● DATA:

►

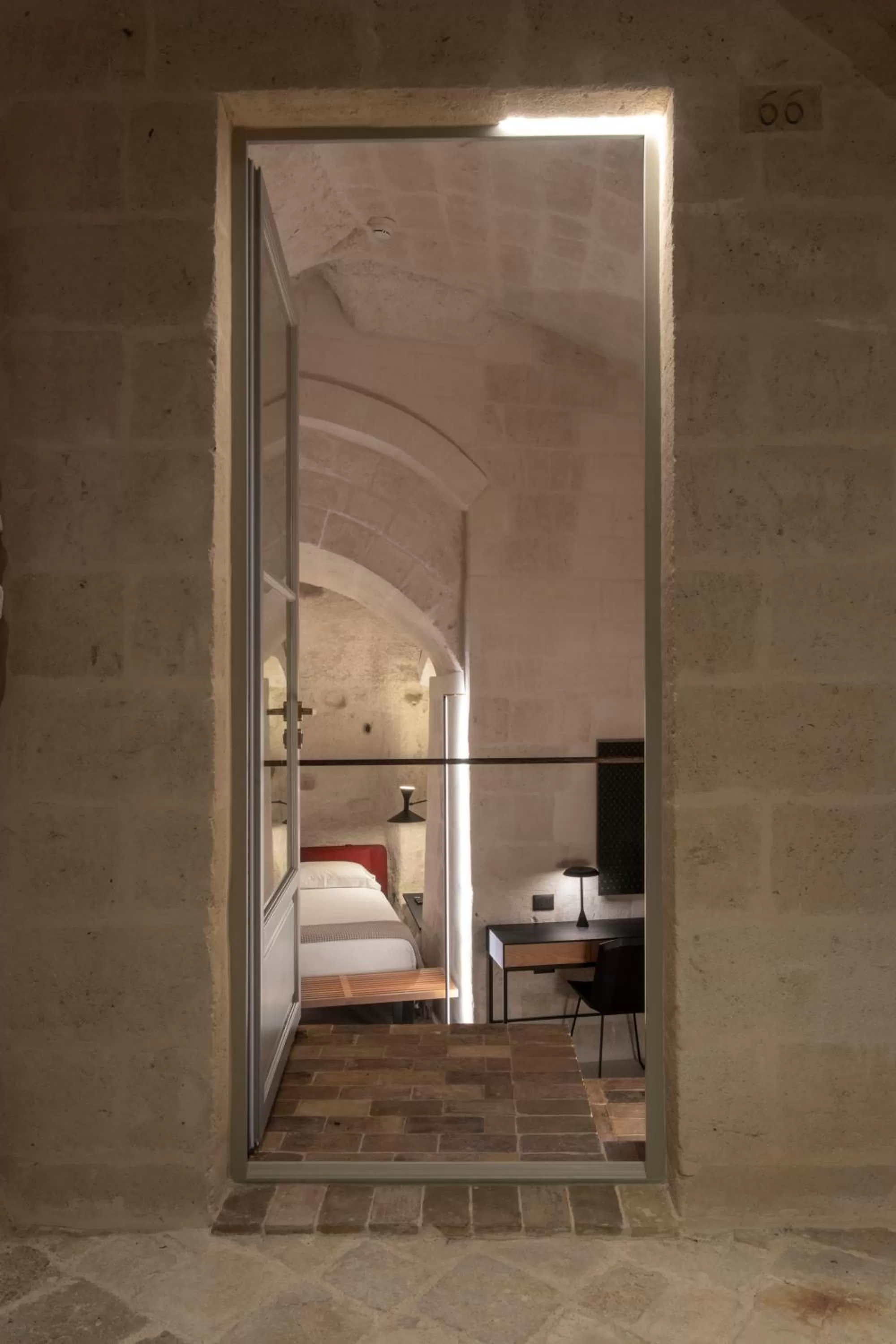 Facade/entrance, Bed in PIANELLE RESORT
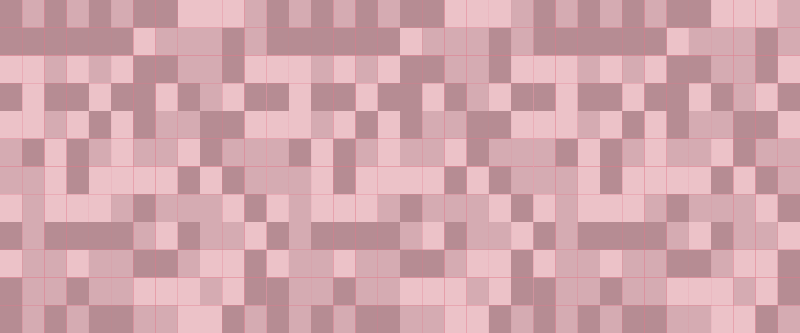 乙烯基地毯几何 像素化迷彩 - TenStickers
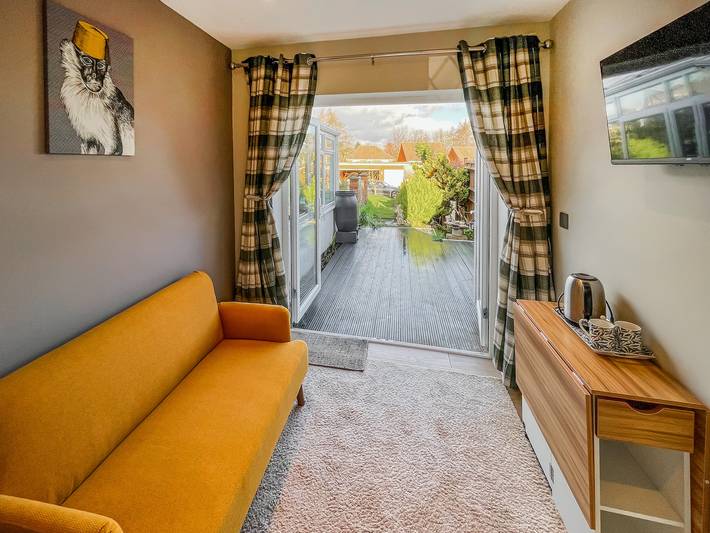 Cottage Annex in Frindsbury Extra, Medway
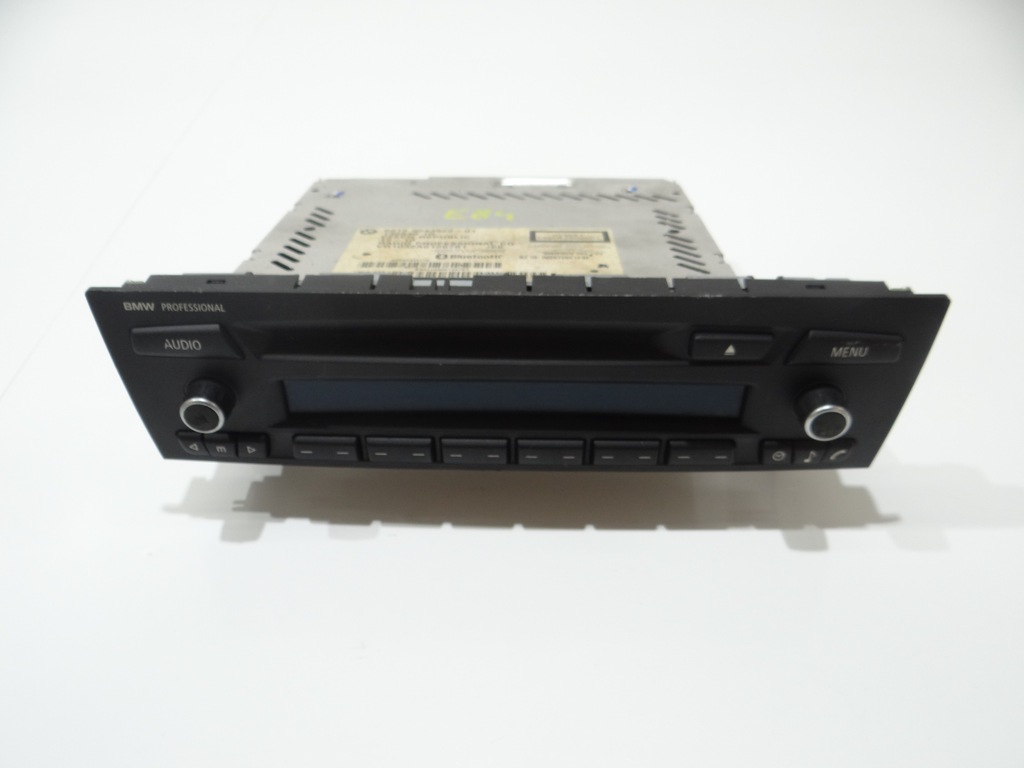 фото №1, Радио cd professional bmw x1 e84 9243922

◄

● DESCRIPTION OF THE TASK: Begin at the line containing "Cottage Annex in Frindsbury Extra, Medway" and stop at the last line of the data. Repeat only those lines, exactly, and leave out the pictures.

● ANSWER SPACE:
 Cottage Annex in Frindsbury Extra, Medway
 фото №1, Радио cd professional bmw x1 e84 9243922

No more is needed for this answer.